Si ces technologies promettent d’alléger le quotidien des patients, tous n’ont pas encore abandonné les seringues. Seuls 30% des diabétiques de type 1 environ seraient aujourd’hui équipés d’une pompe à insuline. Quant aux capteurs permettant une mesure en continu, ils ne sont pas encore généralisés à tous les patients sous injections. «Les études ont démontré que ces dispositifs permettent d’améliorer le contrôle du diabète, mais encore faut-il que les patients acceptent de les porter en permanence», relève Anne Wojtusciszyn. Certains refusent les capteurs par peur d’être constamment en train de suivre leur glycémie et d’en faire une obsession. Pour d’autres, c’est afficher leur maladie qui pose problème. «Bien sûr que ces technologies sont un plus, moi je ne reviendrai pas en arrière. Mais porter une pompe, avoir un cathéter à changer tous les trois jours, des alarmes qui bipent, ce sont autant de rappels permanents de votre maladie, et je comprends que ce soit difficile pour certains, confie Filipe. On préférerait tous pouvoir oublier qu’on souffre d’une maladie chronique.»

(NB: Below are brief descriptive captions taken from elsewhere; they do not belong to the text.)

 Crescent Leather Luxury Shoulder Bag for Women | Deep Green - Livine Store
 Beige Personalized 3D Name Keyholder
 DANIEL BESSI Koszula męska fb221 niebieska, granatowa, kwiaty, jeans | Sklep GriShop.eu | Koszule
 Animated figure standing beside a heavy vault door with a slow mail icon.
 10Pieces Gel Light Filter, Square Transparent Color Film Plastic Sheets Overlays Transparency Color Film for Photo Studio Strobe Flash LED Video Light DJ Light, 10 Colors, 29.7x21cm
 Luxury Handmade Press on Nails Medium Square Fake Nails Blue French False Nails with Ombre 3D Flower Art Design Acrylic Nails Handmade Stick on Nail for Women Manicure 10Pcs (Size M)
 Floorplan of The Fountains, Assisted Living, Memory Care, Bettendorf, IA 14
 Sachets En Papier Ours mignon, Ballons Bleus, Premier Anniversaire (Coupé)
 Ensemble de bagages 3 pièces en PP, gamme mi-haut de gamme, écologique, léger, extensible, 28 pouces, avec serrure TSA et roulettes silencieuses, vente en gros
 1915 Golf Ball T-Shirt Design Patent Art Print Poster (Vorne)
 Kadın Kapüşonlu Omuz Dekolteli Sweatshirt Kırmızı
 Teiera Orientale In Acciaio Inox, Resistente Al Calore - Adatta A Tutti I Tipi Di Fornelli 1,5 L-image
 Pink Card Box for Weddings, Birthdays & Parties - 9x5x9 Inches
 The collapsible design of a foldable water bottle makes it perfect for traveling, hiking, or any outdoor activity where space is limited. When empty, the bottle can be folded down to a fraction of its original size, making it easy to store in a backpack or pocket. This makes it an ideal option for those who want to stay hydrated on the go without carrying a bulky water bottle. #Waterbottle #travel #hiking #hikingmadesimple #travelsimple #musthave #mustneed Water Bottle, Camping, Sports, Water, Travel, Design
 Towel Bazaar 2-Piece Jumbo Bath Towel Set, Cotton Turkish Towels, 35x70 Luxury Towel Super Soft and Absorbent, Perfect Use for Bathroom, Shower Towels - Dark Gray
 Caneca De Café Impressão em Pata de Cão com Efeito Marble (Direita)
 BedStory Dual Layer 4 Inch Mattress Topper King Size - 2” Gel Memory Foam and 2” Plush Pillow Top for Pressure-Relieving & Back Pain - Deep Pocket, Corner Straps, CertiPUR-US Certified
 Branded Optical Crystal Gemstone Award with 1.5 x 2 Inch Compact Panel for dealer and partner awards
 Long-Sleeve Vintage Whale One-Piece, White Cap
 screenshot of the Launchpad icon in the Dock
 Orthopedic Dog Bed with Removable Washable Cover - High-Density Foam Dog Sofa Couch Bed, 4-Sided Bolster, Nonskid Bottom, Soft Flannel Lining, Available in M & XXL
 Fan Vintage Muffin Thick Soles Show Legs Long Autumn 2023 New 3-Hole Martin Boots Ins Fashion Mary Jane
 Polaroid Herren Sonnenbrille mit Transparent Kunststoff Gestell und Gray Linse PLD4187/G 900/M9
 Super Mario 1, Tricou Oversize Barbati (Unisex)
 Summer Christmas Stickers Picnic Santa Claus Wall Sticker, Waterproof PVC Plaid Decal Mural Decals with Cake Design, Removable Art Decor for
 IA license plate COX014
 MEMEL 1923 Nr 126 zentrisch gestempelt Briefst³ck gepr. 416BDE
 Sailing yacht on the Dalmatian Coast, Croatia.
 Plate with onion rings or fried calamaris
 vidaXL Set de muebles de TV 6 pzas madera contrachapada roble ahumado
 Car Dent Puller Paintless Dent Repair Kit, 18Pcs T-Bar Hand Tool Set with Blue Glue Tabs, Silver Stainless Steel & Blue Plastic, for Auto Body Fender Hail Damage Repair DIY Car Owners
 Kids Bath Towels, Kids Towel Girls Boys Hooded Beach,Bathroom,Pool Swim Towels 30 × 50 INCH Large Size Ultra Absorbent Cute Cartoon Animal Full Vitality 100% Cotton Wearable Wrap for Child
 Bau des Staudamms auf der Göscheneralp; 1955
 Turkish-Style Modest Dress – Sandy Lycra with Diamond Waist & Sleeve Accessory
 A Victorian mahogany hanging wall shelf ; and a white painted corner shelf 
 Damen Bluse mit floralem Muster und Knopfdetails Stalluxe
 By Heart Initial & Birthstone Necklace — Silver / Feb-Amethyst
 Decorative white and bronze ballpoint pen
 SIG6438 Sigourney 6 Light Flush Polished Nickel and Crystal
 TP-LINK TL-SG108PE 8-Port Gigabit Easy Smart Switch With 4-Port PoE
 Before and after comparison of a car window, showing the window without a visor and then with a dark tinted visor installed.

Des molécules qui protègent mieux dans le diabète de type 2

Les patients atteints de diabète de type 2 représentent plus de 90% des cas de diabète. Ce diabète de type 2 est lié au vieillissement et/ou au mode de vie (surpoids, sédentarité, alimentation grasse, sucrée…). Contrairement aux diabétiques de type 1, le pancréas produit de l’insuline en cas de diabète de type 2, mais en quantité insuffisante, et l’organisme développe une résistance à cette hormone. Cette résistance induit des augmentations importantes de la glycémie quand le patient ingère des glucides. Les diabétiques de type 2 doivent donc adopter un régime équilibré et éviter les aliments sucrés en trop grande quantité. Quand les mesures hygiéno-diététiques ne suffisent plus, des traitements qui visent à réduire la glycémie peuvent être prescrits. Parmi les plus récents, deux molécules, les glifozines (inhibiteurs des cotransporteurs sodium-glucose de type 2, iSGLT2) et les incrétino-mimétiques (agonistes des récepteurs du glucagon-like peptide-1 AR GLP-1), ont amené fin 2018 à une modification des recommandations de prise en charge du diabète de type 2. Certains médicaments de ces deux classes permettent de réduire significativement l’incidence des événements cardiovasculaires majeurs (infarctus du myocarde, accidents vasculaires cérébraux ischémiques, etc.) ainsi que la mortalité cardiovasculaire. Les glifozines ont par ailleurs démontré des effets protecteurs sur le rein, un organe souvent touché par les complications du diabète.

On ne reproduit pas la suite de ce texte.